DeckPackerPiefed just got a new "community theme" option, feel free to get creative with it!
lumpenproletariatThis is awesome.
Is there a user option to override it and continue to use the users theme?
Also do themes have to be added to the codeberg? If an admin uploads it directly for their instances directory would that work, and would browsing that from a different instance load it or would they also need the theme in their files?
Yeah, unfortunately it will only work for people, that have the theme in their files, so you would have to propose it to the repo.
This is mainly because of security concerns, because there are a lot of ways to inject malicious Javascript code into a theme, and we don’t want that federating across piefed.
That’s a fair enough reason. Shame it has to be that way, hope it doesn’t lead to bloat with hundreds/thousands of community themes.
LinkThere are a lot of ways to inject javascript into css aswell, unfortunately. With @import, if you just escape css with </style> and so many more. It would be a herculean task to really sanitize css so it’s fully safe unfortunately and if we were to make any mistake, that would pose a massive security risk for our users.
So maybe it’s possible, but I am afraid, that it’s beyond the scope of our project.
And, to your other question, yeah, there is an option in the user settings to disable community themes.
I remember Reddit had a little tick box for each community? There was a benefit to blocking some obnoxious ones but keeping good ones, might be something to look into for a future update.
Yeah, that’s a good idea, I’ll try to implement that in a future update.
wjs018To do this on a per-community basis, it might make sense to store it in the session cookie rather than in the db. Look for instances of response.set_cookie and request.cookies.get to see other examples of where we do that.
Some user settings are stored in the cookie to look at as an example; stuff like the compactness level, low bandwidth mode, etc. Basically anything that is set on a per-device basis rather than stored in the db.
Disabling a particularly annoying theme seems to me like something you would wanna do on every device, no?
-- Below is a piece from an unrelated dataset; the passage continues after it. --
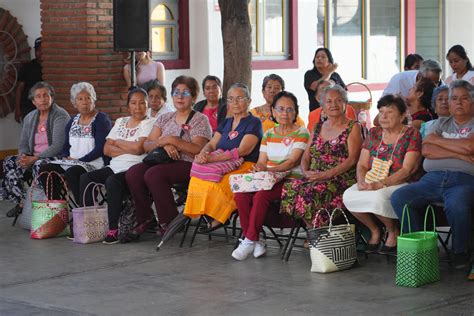 Personas mayores compartiendo, reflejando sabiduría y legado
Maybey it would make sense to store the user theme in a cookie though, because that is a thing, you may want to be different on different types of devices.
Do you know, how long such a cookie lasts?
My thinking on a per-device basis was that themes might work better/worse in a mobile vs. desktop browser, so people might prefer different experiences, but I could see the other side of things as well. That was also the rationale for making compact mode be in the cookie rather than saved in the db.
I honestly don’t know what the expiration of the session cookie is. It might depend on the browser. I think it is pretty long-lasting unless people clear their cache because I have definitely loaded up piefed instances after a long time and have still been logged in.
As for technical details, to save space, it might make sense to make a key (maybe like ignore_comm_theme) be a comma-separated list of community id’s that people have unchecked the box. That means you can easily convert this to a list with split and then see if the currently requested community id is in that list. Being the id means that it is unique for the instance and avoids name collisions like the actual community name might have (how many linux communities do we have now). It also keeps things relatively small since the cookie has a pretty small size limit iirc.